**Task data**
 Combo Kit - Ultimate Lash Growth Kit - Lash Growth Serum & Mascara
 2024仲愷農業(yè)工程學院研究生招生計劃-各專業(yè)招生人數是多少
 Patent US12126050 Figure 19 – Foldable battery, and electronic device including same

...

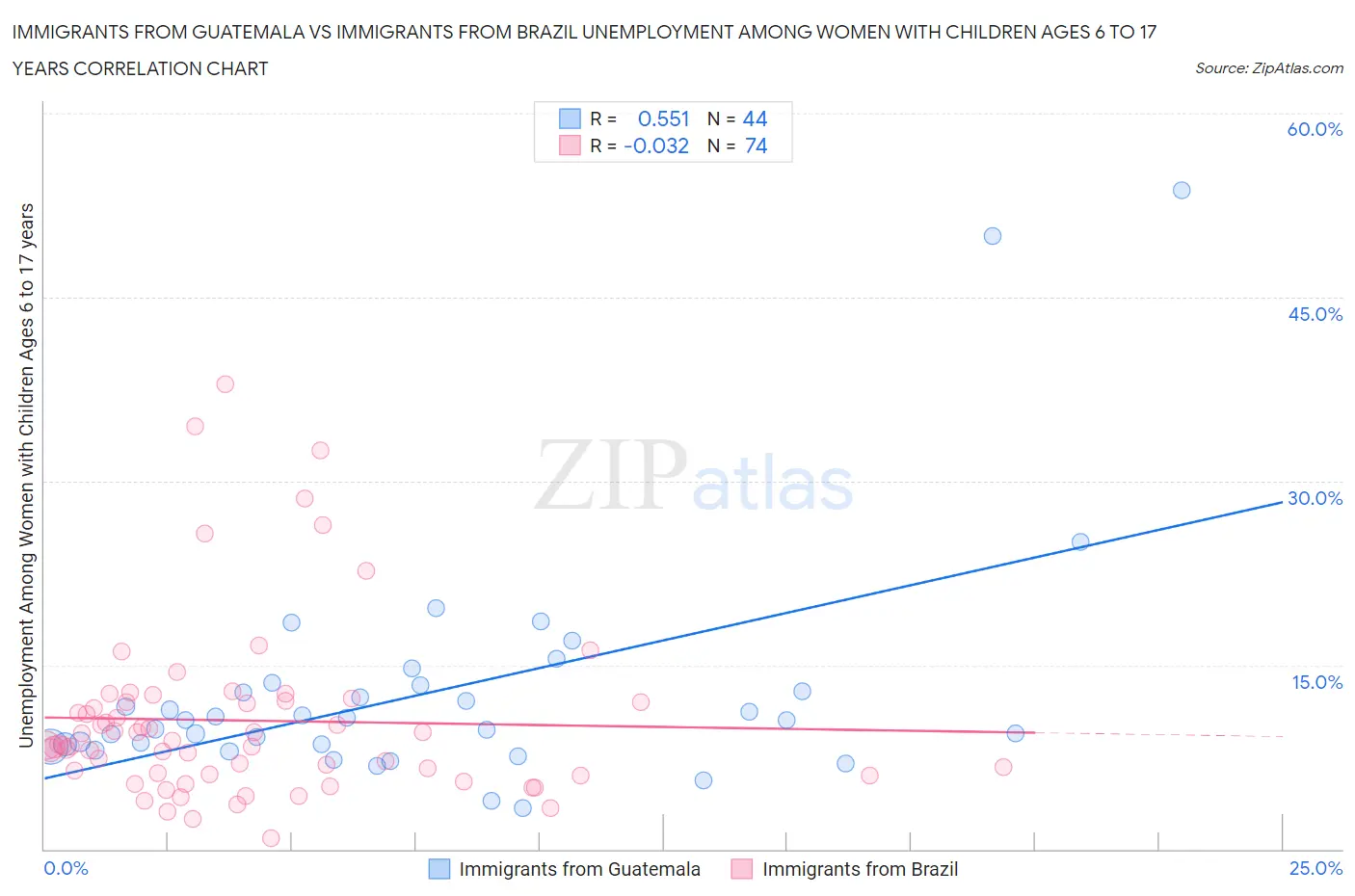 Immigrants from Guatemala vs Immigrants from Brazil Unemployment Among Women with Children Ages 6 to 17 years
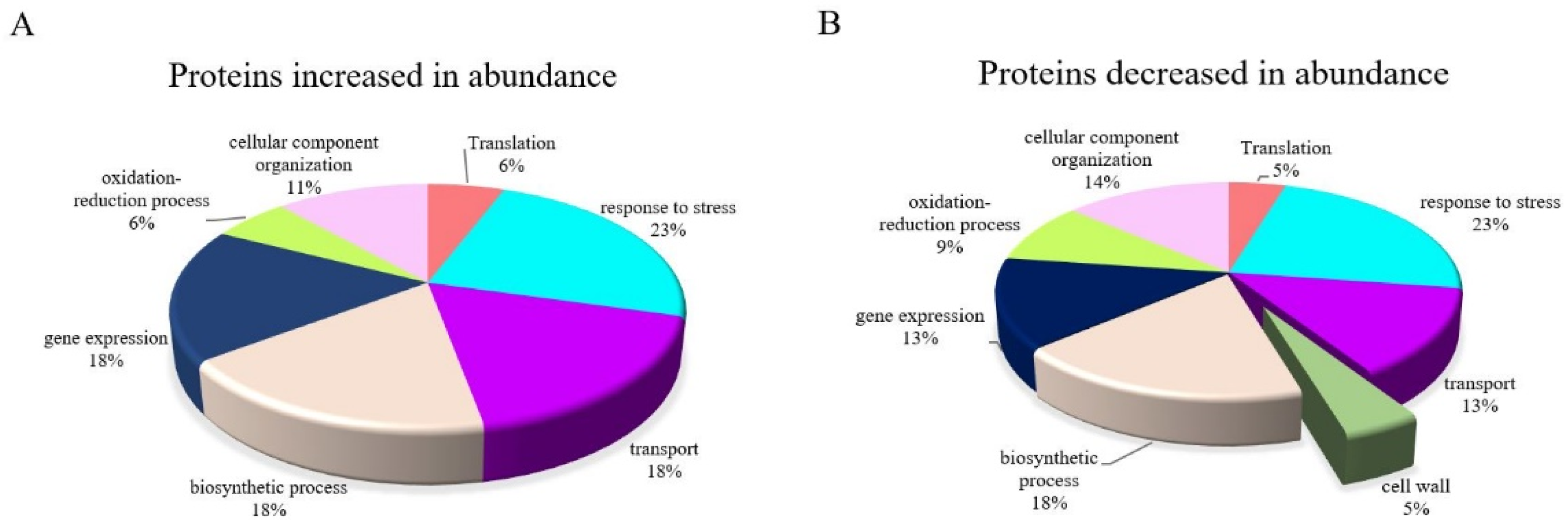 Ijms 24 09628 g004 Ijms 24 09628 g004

**Activity**
Taking the entries above, write out exactly each line from the one holding "Combo Kit - Ultimate" to the one holding "Patent US12126050 Figure", both included, and stop there.

**Solution to this problem**
 Combo Kit - Ultimate Lash Growth Kit - Lash Growth Serum & Mascara
 2024仲愷農業(yè)工程學院研究生招生計劃-各專業(yè)招生人數是多少
 Patent US12126050 Figure 19 – Foldable battery, and electronic device including same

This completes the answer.